## [Work request]
Look below for the line containing "Route dans les Carpates" and the line containing "Aston Martin Valkyrie двигатель", then set down both and every line between them exactly, without pictures.

## [Supplied entries]
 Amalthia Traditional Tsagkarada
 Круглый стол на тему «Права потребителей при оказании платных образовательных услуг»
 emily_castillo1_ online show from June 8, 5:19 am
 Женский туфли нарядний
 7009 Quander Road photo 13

* * *

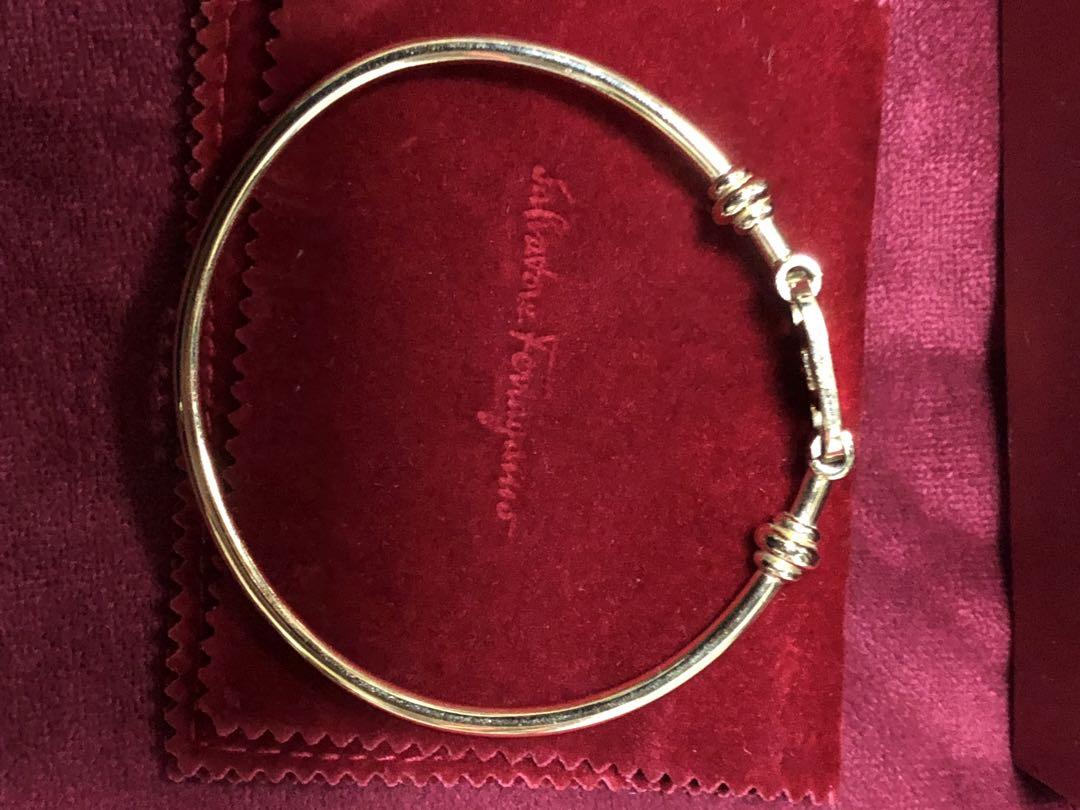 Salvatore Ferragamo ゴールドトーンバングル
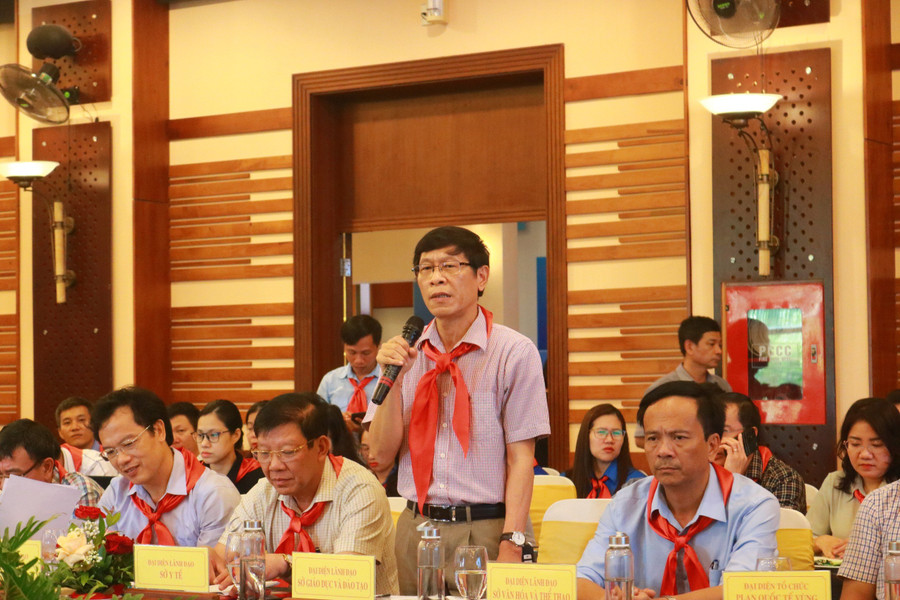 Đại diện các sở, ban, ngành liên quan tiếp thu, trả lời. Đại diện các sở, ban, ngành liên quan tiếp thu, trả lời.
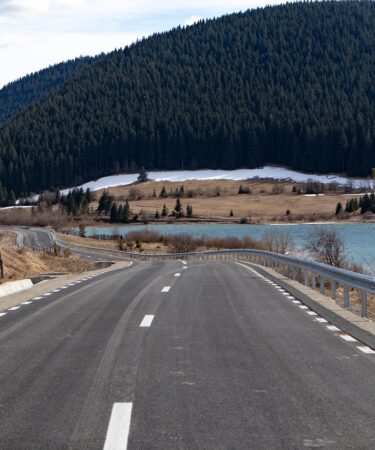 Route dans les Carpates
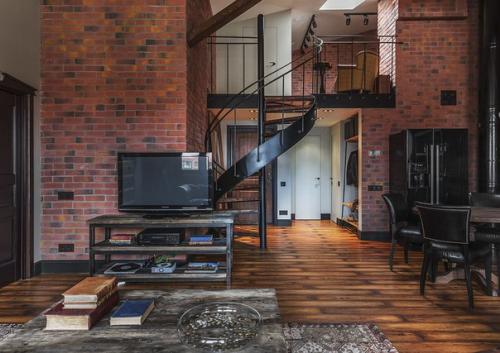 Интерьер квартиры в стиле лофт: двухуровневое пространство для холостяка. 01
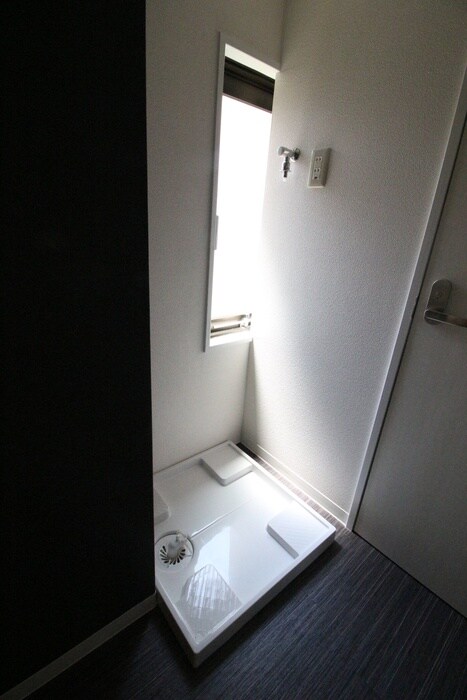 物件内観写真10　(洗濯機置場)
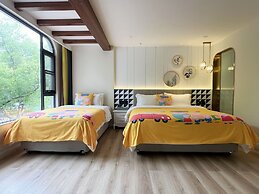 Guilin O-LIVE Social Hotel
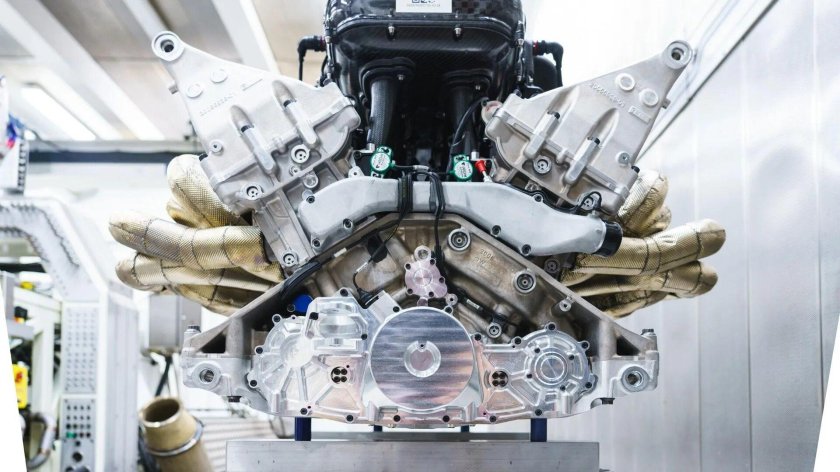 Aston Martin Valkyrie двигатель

## [Answer area]
 Route dans les Carpates
 Интерьер квартиры в стиле лофт: двухуровневое пространство для холостяка. 01
 物件内観写真10　(洗濯機置場)
 Guilin O-LIVE Social Hotel
 Aston Martin Valkyrie двигатель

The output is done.